LSM-Trees Explained

Understanding Log-Structured Merge Trees through FerrisDB’s implementation.

Difficulty: 📙 Intermediate • Reading time: 25 minutes

The Problem & Why It Matters

Have you ever wondered why your web application slows down when lots of users start writing data at the same time? Or why some databases can handle millions of writes per second while others struggle with thousands?

The problem lies in how traditional databases handle writes. Imagine you’re managing a customer database for an e-commerce site. Every time someone places an order, updates their profile, or adds items to their cart, your database needs to write that information to disk.
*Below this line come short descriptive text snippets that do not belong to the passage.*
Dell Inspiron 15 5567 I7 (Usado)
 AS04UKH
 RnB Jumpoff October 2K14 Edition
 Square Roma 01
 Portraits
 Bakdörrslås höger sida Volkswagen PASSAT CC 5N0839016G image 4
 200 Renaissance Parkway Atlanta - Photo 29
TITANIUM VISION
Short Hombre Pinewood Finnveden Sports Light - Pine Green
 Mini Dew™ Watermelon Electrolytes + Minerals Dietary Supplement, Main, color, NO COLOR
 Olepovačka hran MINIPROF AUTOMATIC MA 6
Traditional B-tree databases face a fundamental challenge:

When you write data, the database has to:

Find the exact right spot on disk (like finding a specific page in a massive filing cabinet)
Read the entire page into memory
Modify just one small part
Write the entire page back to disk
Update multiple index pages

Real-world analogy: It’s like having to find the exact right spot in a filing cabinet, pull out the entire folder, add your single document, and put it back - for every single document. If the cabinet is across the building (representing disk storage), this gets incredibly slow!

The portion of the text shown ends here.